For her part, Ocasio-Cortez was not so kind to the president. She used her body language to signal disapproval throughout the night, remaining seated while others stood in applause, and she had with her a pin to honor Jakelin Caal Maquin, one of the immigrant children who died in the custody of Immigration and Customs Enforcement (ICE).
"Why should I be ‘spirited and warm’ for this embarrassment of a SOTU?" Ocasio-Cortez tweeted after the speech, in response to online criticism of her demeanor.
"Tonight was an unsettling night for our country. The president failed to offer any plan, any vision at all, for our future. We are flying without a pilot. And I'm not here to comfort anyone about that fact," she explained.
With the strength of the record number of women in Congress in full display, Trump also attempted to bask in that success.
"No one," he said, "has benefited more from our thriving economy than women, who have filled 58 percent of the newly created jobs in the last year."
The sea of Democratic women clad in white applauded the president, sincerely, for the first time.
But the illusion was short lived. Between smiles, Trump attempted once again to tell women what they could, and could not, do.
"You were not supposed to do that," he said.
And, as they sat back down, he instructed them again to "don’t sit yet, you’re going to like this," as he added that, for the first time, "we have more women serving in Congress than ever before" - as if that achievement were thanks to him, rather than in opposition to him.
Meanwhile, Pennsylvania’s senators, Democrat Bob Casey and Republican Pat Toomey, responded predictably to Trump’s address.
Casey, like the official Democratic responders, released a statement condemning the recent government shutdown, and he decried Trump for not taking the opportunity to lay out an agenda to address healthcare, education, and violence.
“Unfortunately, he used his platform tonight to reinforce the same talking points and to double down on his corporate agenda,” Casey said.
Toomey expressed his satisfaction with Trump’s address, with the exception of the president’s policies on trade and tariffs.
"On trade, I continue to believe that the administration is taking us down the wrong path.
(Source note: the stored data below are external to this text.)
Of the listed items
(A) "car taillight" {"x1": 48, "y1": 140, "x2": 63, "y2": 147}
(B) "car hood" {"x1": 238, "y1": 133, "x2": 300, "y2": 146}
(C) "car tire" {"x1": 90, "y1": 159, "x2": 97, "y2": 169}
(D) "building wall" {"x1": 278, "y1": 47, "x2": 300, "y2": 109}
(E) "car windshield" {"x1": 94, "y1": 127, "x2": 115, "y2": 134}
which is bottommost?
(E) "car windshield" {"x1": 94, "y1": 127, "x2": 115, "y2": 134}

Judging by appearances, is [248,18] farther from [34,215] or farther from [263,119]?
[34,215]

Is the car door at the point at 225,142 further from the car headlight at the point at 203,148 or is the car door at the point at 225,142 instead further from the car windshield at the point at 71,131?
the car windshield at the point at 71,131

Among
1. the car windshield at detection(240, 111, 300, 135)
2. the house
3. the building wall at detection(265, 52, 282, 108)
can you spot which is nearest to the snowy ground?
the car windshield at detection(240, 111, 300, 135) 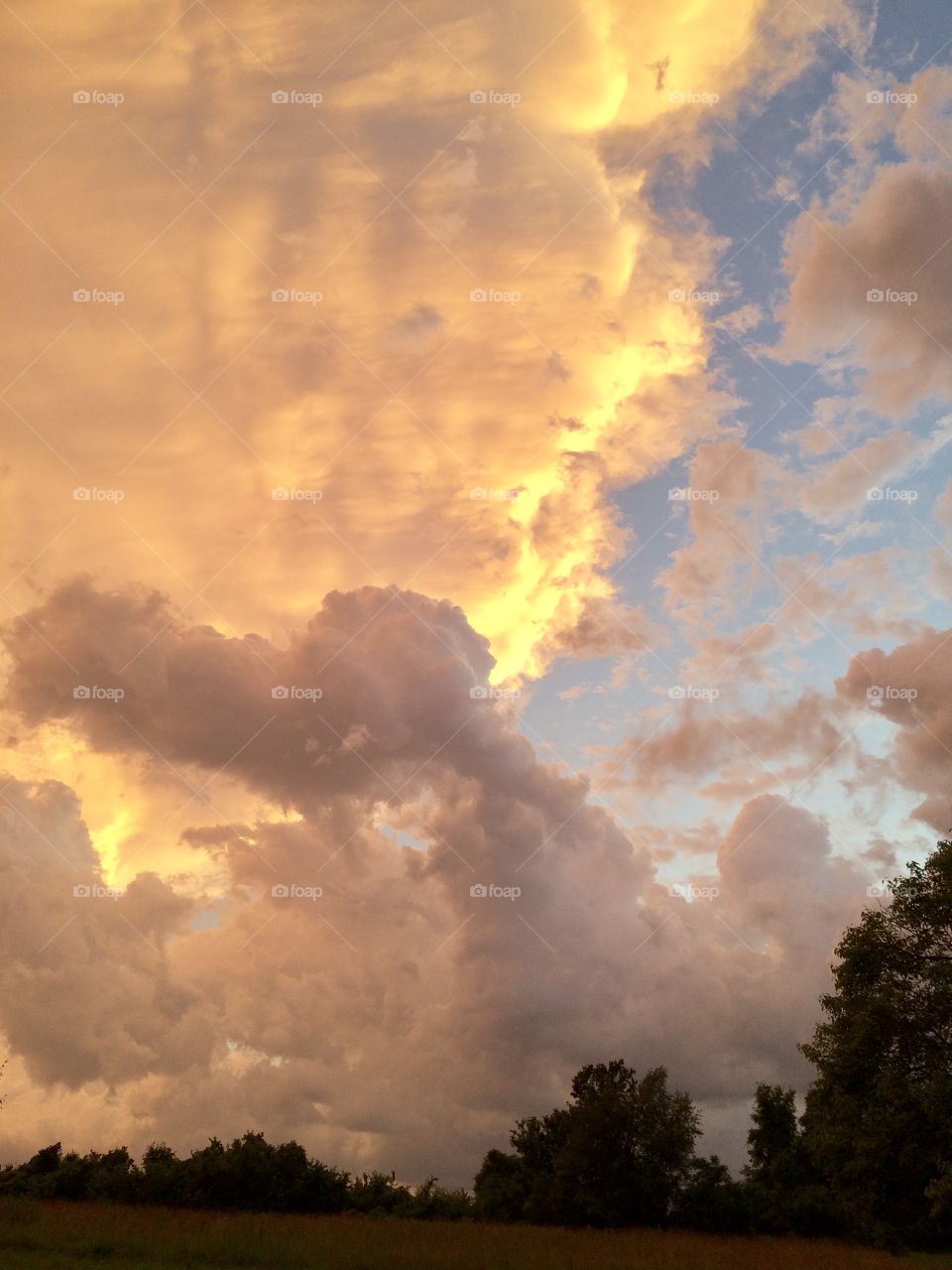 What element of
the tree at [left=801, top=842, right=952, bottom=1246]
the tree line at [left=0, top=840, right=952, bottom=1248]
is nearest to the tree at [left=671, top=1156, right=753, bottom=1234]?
the tree line at [left=0, top=840, right=952, bottom=1248]

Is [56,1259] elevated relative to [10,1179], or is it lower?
elevated

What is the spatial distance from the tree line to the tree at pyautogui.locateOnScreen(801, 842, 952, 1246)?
0.21 ft

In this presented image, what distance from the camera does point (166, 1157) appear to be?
183ft

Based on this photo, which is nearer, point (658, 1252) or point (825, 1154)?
point (658, 1252)

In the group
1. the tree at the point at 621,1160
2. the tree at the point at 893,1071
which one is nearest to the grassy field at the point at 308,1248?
the tree at the point at 893,1071

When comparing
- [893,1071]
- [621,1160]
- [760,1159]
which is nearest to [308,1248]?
[893,1071]

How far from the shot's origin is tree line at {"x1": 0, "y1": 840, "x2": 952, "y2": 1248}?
117 ft

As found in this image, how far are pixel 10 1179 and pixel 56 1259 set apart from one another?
151 ft

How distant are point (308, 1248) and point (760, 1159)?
64.4 metres

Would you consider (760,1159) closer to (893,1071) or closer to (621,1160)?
(621,1160)

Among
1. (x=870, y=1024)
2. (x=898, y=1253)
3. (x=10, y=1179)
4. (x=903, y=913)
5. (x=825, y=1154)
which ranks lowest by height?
(x=10, y=1179)

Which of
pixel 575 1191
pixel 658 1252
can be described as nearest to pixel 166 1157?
pixel 575 1191

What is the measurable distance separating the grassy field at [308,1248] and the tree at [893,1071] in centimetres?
281

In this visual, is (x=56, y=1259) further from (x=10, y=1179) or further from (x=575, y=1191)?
(x=10, y=1179) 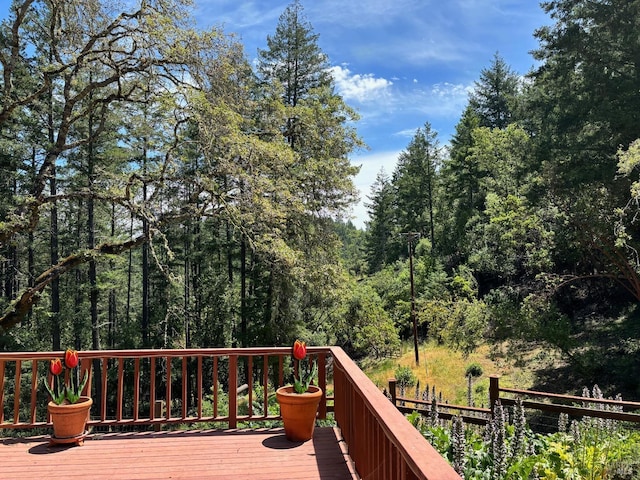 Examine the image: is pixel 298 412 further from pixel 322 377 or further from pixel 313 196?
pixel 313 196

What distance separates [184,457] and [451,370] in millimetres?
15212

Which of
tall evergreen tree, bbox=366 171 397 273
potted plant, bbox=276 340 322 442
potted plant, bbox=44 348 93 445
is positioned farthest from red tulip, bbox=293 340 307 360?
tall evergreen tree, bbox=366 171 397 273

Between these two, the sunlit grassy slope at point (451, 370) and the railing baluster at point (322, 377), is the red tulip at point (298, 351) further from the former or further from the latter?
the sunlit grassy slope at point (451, 370)

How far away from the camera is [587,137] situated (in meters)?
12.8

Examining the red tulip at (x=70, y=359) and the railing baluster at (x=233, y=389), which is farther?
the railing baluster at (x=233, y=389)

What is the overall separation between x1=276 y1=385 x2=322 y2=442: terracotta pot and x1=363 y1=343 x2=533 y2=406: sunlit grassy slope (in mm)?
10601

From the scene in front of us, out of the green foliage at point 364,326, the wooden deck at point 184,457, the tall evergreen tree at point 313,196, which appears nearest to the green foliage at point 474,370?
the green foliage at point 364,326

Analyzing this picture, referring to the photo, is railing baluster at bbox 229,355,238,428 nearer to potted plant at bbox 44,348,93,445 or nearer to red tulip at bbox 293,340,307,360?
red tulip at bbox 293,340,307,360

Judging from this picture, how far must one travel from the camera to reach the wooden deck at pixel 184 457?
10.7ft

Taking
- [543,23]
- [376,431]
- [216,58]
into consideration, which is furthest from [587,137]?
[376,431]

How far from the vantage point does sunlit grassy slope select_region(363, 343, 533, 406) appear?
1466cm

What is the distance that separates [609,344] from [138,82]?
54.1 ft

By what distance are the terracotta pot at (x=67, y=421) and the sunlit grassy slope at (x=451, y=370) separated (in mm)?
11579

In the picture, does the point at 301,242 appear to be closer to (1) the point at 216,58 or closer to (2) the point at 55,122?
(1) the point at 216,58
Tariffs on products imported into the United States are taxes, paid by American consumers, that harm American families, and workers,” he said.
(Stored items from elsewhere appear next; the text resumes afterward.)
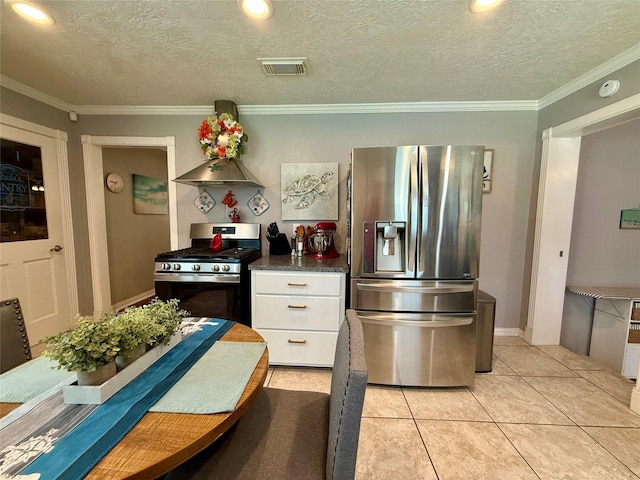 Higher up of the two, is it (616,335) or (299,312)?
(299,312)

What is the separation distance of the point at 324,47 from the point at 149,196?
11.6 ft

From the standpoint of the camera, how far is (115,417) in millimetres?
664

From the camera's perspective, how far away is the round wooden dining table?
0.54 metres

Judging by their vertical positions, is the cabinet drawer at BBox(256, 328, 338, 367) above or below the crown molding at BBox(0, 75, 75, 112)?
below

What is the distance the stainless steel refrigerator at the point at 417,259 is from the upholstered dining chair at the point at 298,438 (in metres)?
0.87

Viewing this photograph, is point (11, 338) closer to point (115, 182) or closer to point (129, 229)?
point (115, 182)

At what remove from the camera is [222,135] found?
2.37 m

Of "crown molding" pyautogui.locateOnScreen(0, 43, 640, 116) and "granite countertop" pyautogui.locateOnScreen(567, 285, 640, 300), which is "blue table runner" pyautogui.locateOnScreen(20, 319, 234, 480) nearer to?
"crown molding" pyautogui.locateOnScreen(0, 43, 640, 116)

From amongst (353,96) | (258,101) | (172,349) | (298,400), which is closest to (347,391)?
(298,400)

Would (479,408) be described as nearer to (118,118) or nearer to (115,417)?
(115,417)

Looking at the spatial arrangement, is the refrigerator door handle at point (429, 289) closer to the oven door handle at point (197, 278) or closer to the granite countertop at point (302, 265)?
the granite countertop at point (302, 265)

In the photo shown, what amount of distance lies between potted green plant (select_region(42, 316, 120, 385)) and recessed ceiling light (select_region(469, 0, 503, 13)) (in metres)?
2.12

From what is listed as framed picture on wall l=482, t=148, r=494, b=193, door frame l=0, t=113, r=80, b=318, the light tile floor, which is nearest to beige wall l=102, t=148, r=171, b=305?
door frame l=0, t=113, r=80, b=318

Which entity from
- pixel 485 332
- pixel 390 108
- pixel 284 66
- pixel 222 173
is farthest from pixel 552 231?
pixel 222 173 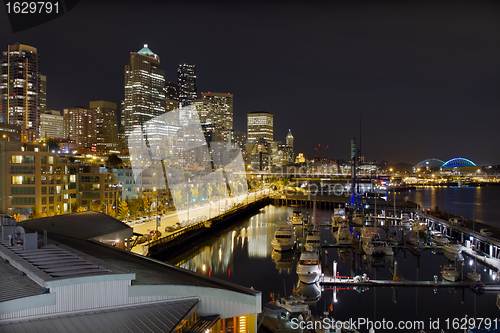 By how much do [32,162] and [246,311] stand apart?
23.9 metres

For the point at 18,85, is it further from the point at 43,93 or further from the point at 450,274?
the point at 450,274

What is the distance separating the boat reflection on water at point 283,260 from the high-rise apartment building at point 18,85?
88.9 m

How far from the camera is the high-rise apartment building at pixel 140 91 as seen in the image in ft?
420

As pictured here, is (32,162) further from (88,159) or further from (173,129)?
(173,129)

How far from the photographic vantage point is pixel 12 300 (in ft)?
16.5

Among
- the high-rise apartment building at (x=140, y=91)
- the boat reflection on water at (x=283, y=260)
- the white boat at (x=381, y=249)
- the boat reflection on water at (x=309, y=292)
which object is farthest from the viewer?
the high-rise apartment building at (x=140, y=91)

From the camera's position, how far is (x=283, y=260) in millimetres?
22203

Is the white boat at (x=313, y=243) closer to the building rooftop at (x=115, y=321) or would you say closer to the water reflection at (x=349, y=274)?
the water reflection at (x=349, y=274)

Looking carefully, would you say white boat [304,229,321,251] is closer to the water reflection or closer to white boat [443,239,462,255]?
the water reflection

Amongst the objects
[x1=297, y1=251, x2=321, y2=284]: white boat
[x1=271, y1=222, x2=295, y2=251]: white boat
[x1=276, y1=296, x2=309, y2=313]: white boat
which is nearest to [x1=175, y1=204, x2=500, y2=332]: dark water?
[x1=297, y1=251, x2=321, y2=284]: white boat

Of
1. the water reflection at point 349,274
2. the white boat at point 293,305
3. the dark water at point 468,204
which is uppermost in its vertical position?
the white boat at point 293,305

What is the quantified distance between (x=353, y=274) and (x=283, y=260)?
15.8ft

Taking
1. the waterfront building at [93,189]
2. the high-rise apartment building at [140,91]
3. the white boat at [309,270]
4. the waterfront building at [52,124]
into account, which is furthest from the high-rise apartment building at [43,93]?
the white boat at [309,270]

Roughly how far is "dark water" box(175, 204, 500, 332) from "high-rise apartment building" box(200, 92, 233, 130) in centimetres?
14572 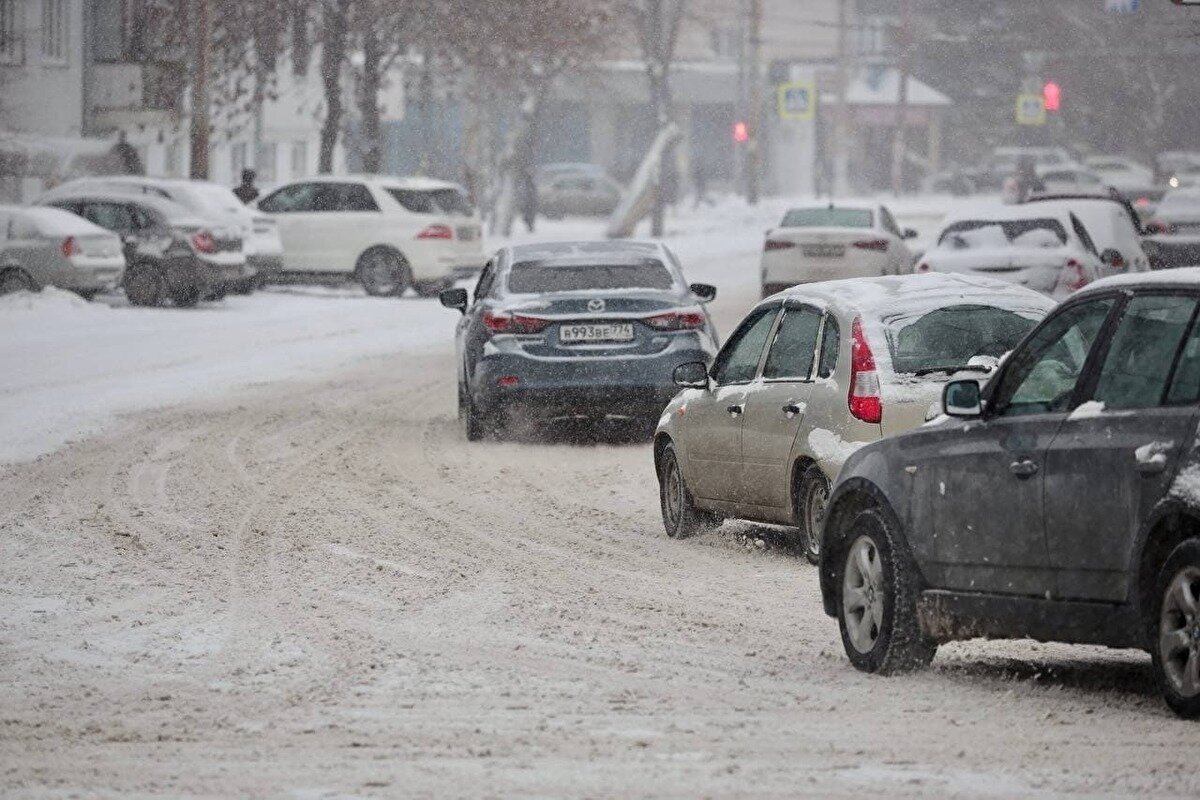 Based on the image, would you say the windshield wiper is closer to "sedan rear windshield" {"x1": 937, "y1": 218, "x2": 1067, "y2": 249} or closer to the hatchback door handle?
the hatchback door handle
Toomey, however, heaped praise on Trump’s comments about healthcare, the state of the economy, and for the “reasonable case” he believes the president made for his border wall.
At the local level, Philadelphia Councilwoman Maria Quiñones-Sanchez tweeted her admiration for the women — and especially the Puerto Rican women — attending the State of the Union as Congresswomen.
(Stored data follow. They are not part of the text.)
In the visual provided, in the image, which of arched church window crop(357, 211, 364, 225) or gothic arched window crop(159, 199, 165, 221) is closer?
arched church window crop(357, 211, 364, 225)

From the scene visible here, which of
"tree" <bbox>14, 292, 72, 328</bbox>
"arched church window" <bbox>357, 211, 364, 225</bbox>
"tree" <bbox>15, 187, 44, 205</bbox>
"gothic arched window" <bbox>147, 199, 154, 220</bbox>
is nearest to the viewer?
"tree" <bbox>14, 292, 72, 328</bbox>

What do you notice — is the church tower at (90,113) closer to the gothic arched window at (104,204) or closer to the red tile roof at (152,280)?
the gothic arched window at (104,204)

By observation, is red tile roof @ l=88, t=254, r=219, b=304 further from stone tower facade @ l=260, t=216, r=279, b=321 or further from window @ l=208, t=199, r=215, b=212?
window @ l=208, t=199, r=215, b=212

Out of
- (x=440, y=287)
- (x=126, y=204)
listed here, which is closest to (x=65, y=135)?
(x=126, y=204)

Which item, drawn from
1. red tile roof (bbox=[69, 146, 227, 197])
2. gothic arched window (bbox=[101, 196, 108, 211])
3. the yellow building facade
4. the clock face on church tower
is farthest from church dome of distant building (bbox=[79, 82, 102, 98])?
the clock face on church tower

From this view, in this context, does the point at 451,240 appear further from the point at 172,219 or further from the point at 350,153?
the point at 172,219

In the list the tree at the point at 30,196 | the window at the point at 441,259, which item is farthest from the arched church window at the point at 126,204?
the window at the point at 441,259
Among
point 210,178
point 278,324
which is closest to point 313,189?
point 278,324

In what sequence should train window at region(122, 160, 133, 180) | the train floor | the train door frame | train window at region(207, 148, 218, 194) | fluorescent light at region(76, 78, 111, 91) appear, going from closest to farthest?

“Yes, these women are united and inspiring,” she tweeted about the white-clad Congresswomen.
And later, in response to a photo posted by New York Congresswoman Nydia Velasquez, of herself with Alexandria Ocasio-Cortez, Quiñones-Sanchez tweeted: “Yes. Boricua Proud! We have great fighters and our future is promising!”
On an evening in which the country’s lack of unity was on full display, moments of inspiration and optimism were few and far between - but they were also impossible to ignore.